Stepping through open doors was not always a piece of polenta cake. If writing the memoir was sometimes exhilarating, it was sometimes depressing as well, and it was also a whole lot of work. When a door opened to publishing it, I had to fight internal terrors. Revealing a lot about my (quiet, half Norwegian) self (I come from the Vikings who stayed home) and then marketing my story to an unknown public went against my family’s way and against academic habits that were long ingrained. (Ten years ago in academe, promoting your work was considered gauche.)

Looking for doors to open, nonetheless, has become habitual. Last December, for example, a door opened in my mind. Maybe my memoir could be a screenplay. I read five books on how to write a screenplay, wrote a screenplay based on my memoir, and took a screenwriting class.

Although I know Hollywood has a strong preference for action adventure and for anything written by men for other men, I am thinking of taking my female-centered story to this conference and shopping it around. I could fail big time, but if I ignore this open door, how will I feel? I have decided to walk through it, knowing that as Adrienne Rich once put it, “the door is only a door; it makes no promises.”

judith
Based in the Bay Area, Judith is an author and Professor Emerita at U.C. Davis

11 Comments

  1. Judith, I loved your story! It is remarkably like my own. I spent 30+ years in academia as a biochemist. As different as academic writing was, I agree that the academic experience was invaluable. I am no stranger to critiques, re-writes, and rejection letters and most importantly, I know from experience that writing is incredibly hard work.
    Like you, I wrestled with the prospect of retirement. I had worked since the age of 14 – what on earth would I do with my time!! As it turns out, that has been the very least of my worries. And like you, I walked into some pretty scary places, such as keyboard for a jazz band (never played jazz in my life…), masters swimming, and eventually, writing.
    I suppose some of my motivation is to make sense of my own life, but what really excites me is the opportunity to make known the stories of these incredible women that would otherwise be lost to history. I hope you will take a look at my website, realsouthernwomen.com. Would love your comments.
    Best of luck on your “pitch slam.” You may well be the oldest, but I bet you’ll also be the most well prepared. Keep us informed.
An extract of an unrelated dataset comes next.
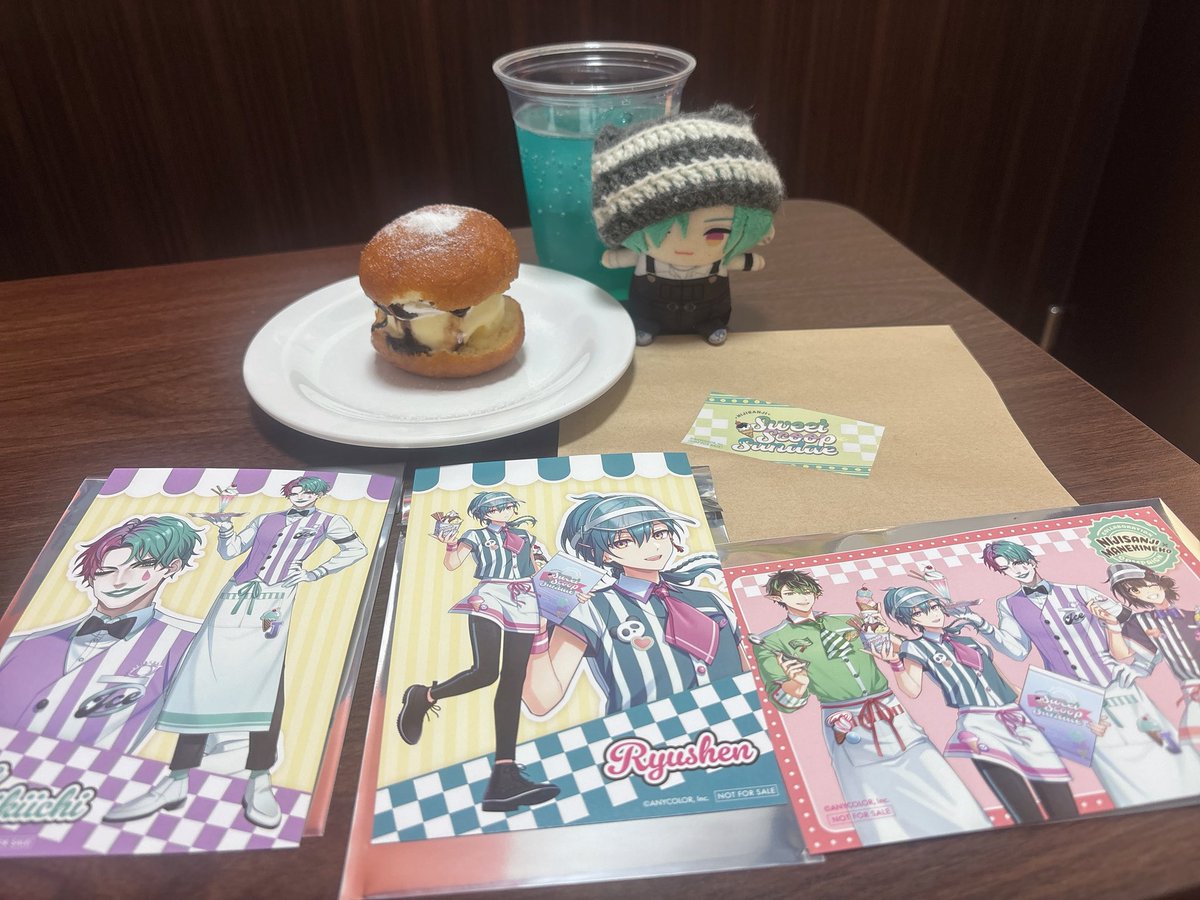 bita_0124's tweet photo. まねきコラボ行ってきた〜🏃‍♂️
  2. Louise, thanks so much for writing! I loved your site. My daughter, who is living in Atlanta, is becoming a southern woman. I”m going to send her the link. Will leave a comment on your site too.

    Jazz and swimming and moving from science writing–you’ve really ventured out!

  3. I cannot wait to hear about this adventure! A rough draft of my screenplay will be finished at the end of September and the LA conference info will be very important to me. 🙂 Hope it goes splendidly!

  4. Judith, what happened? I’m living in suspense!
    My view of my academic life is quite different from yours and Louise’s, perhaps because I was a poet first and an instructor second and because I’m one of the masses of community college adjuncts. (I suppose I should say “am” a poet even though I haven’t written in some time for reasons not relevant here.) As I look longingly toward retirement, your post gives me hope. I’m glad I chanced on your blog through She Writes.

    1. Hi Sherry, It went very well. I mean to write about it soon. Most people werevery young, some younger than my daughter (29!) but they were very friendly, and two small production companies are reading my script. I also learned a ton of things. Do take hope. I think it’s a new world for women writing.